TASK STATEMENT
Starting at the line with "For Google Pixel" and going on through the line with "Soft Pink Crocheted", reproduce each line in the records below exactly and nothing more.

DATA LISTING
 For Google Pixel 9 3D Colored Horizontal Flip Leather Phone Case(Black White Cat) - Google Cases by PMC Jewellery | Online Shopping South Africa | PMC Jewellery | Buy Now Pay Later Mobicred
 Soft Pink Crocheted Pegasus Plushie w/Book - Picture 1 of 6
* * *
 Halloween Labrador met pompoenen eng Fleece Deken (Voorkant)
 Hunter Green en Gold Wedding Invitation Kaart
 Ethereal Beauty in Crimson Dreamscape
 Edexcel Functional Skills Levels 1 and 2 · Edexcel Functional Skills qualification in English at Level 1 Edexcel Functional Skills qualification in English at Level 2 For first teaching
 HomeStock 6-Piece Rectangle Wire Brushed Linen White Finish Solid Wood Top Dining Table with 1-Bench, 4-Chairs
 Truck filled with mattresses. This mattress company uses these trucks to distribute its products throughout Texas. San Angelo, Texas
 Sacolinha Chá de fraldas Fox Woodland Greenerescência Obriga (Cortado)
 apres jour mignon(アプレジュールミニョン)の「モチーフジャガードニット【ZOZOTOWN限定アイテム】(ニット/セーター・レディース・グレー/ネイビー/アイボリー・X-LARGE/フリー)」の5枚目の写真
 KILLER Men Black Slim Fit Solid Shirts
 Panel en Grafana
==
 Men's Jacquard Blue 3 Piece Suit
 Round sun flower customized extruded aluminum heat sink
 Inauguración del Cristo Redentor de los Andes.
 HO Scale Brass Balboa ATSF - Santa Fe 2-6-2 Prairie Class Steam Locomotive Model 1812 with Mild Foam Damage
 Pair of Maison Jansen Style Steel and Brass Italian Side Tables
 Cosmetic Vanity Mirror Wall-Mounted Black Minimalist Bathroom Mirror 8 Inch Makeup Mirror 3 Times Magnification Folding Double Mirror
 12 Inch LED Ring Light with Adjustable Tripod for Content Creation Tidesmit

ANSWER FOR THIS EXERCISE
 For Google Pixel 9 3D Colored Horizontal Flip Leather Phone Case(Black White Cat) - Google Cases by PMC Jewellery | Online Shopping South Africa | PMC Jewellery | Buy Now Pay Later Mobicred
 Soft Pink Crocheted Pegasus Plushie w/Book - Picture 1 of 6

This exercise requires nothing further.